WHAT IS EXPECTED: The result is the exact lines from the one containing "2023 Holiday Gift Guide: Girls" through the final line of the entries; leave out the pictures.

[DATA RECORDS]

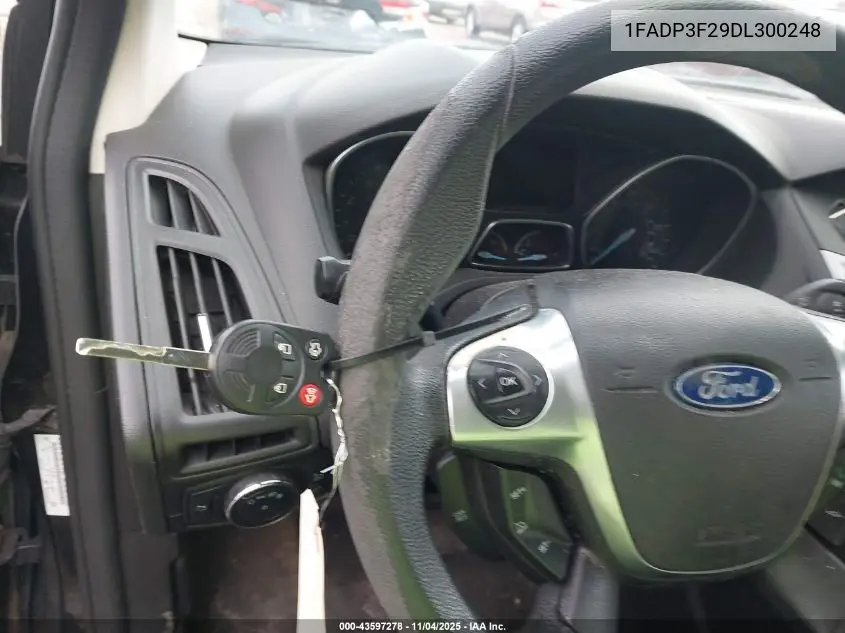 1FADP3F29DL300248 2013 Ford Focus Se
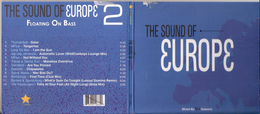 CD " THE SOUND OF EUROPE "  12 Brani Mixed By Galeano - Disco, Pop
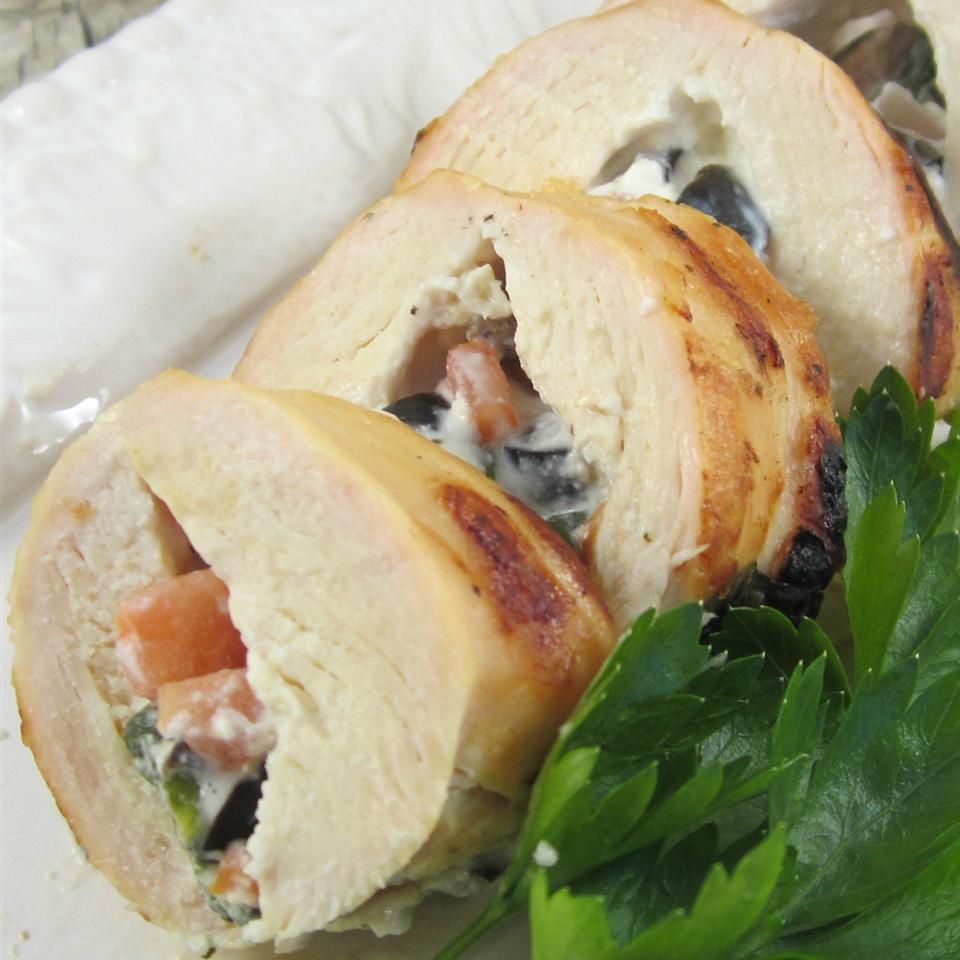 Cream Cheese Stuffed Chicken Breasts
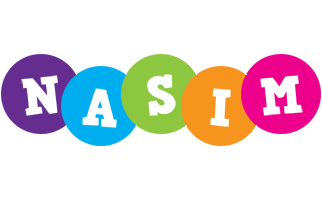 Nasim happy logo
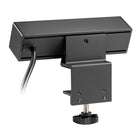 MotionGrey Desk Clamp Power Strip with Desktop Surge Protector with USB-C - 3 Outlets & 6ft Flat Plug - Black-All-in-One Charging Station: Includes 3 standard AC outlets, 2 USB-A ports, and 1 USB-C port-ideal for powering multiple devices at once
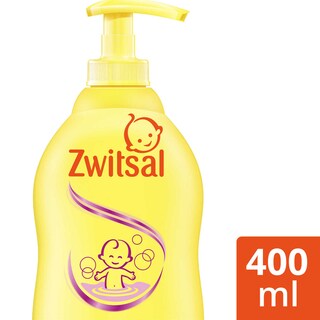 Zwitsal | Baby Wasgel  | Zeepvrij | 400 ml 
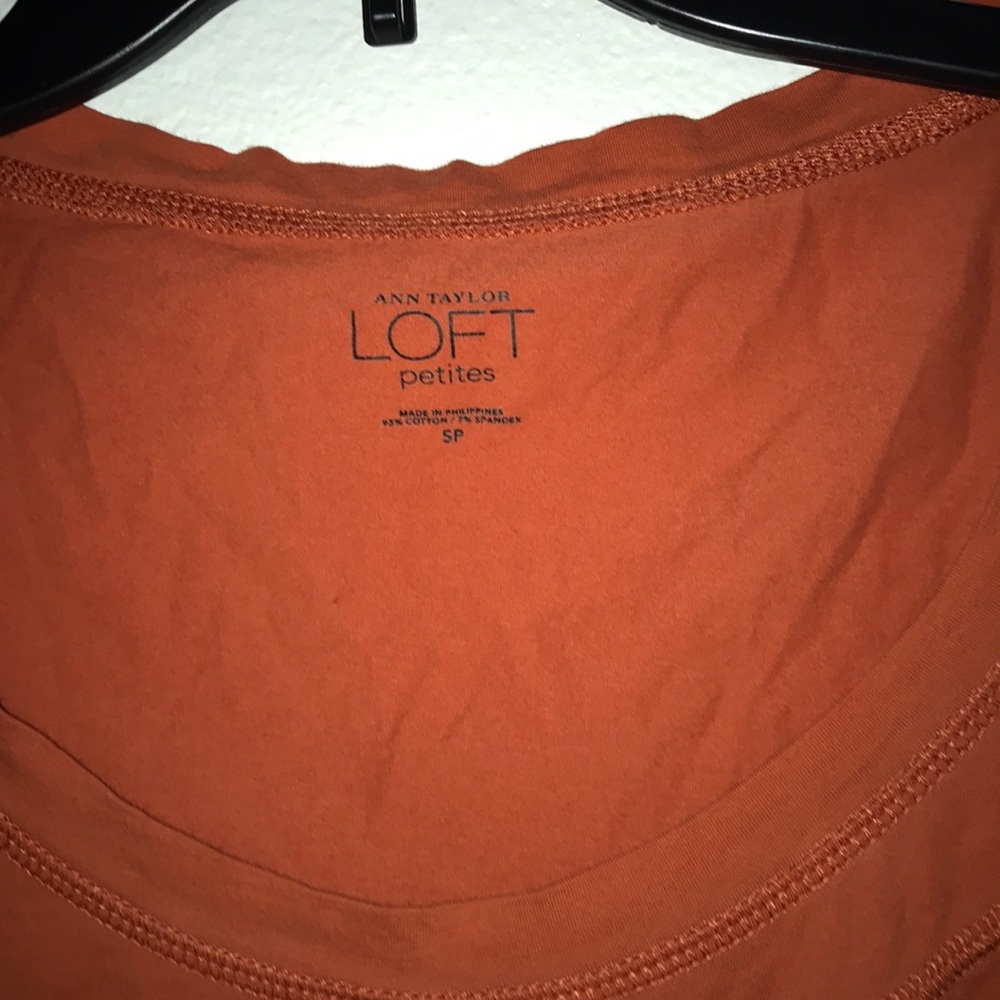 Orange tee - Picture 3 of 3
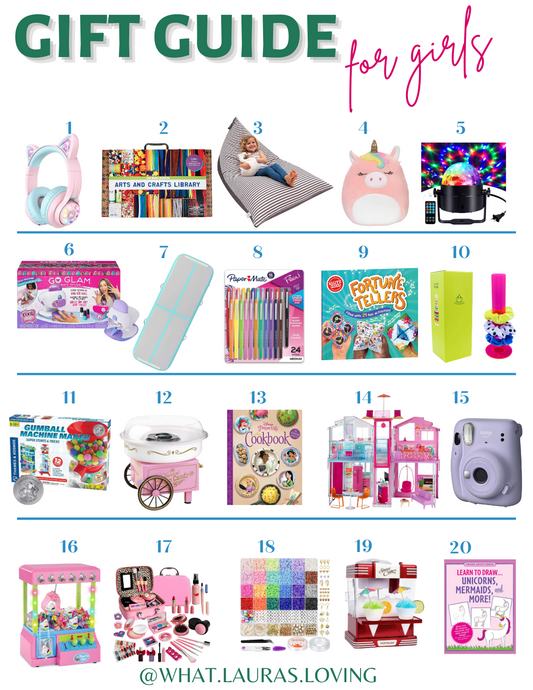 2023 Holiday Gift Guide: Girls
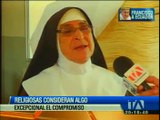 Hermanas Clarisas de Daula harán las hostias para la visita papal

[/DATA RECORDS]

RESPONSE:
 2023 Holiday Gift Guide: Girls
 Hermanas Clarisas de Daula harán las hostias para la visita papal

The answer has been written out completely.